**RECORD EXTRACTS**:
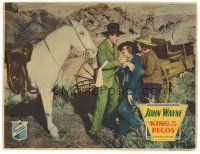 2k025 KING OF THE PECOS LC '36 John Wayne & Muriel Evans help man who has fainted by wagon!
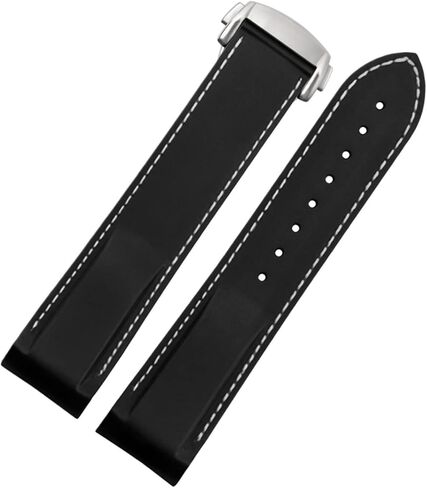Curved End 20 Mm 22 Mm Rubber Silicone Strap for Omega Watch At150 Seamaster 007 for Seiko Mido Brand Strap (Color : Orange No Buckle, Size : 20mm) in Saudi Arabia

==

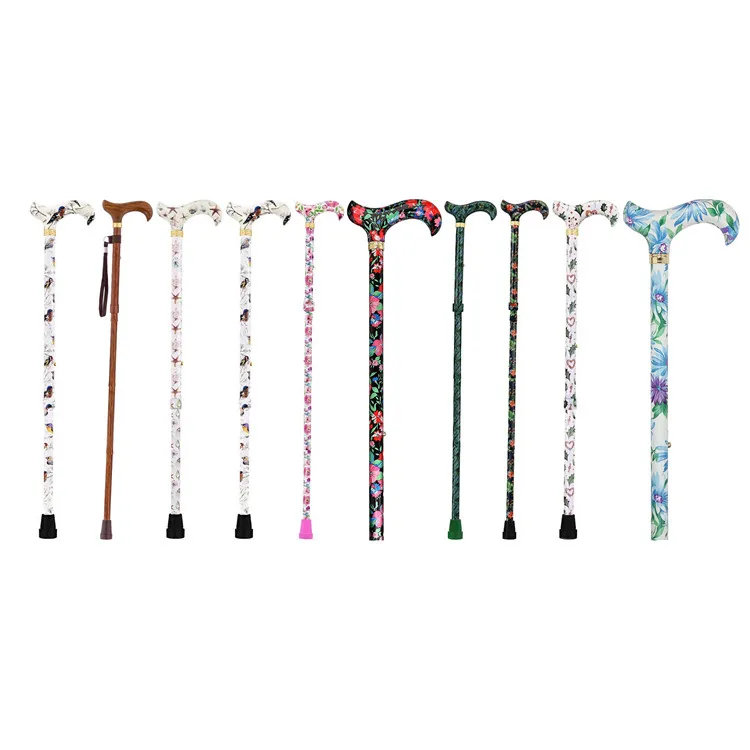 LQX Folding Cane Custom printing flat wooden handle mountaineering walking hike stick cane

**PROBLEM DETAILS**: Copy only what lies between the line with "2k025 KING OF" and the line with "Curved End 20", those two lines included, exactly as given above; pictures stay out.

**SOLUTION**:
 2k025 KING OF THE PECOS LC '36 John Wayne & Muriel Evans help man who has fainted by wagon!
Curved End 20 Mm 22 Mm Rubber Silicone Strap for Omega Watch At150 Seamaster 007 for Seiko Mido Brand Strap (Color : Orange No Buckle, Size : 20mm) in Saudi Arabia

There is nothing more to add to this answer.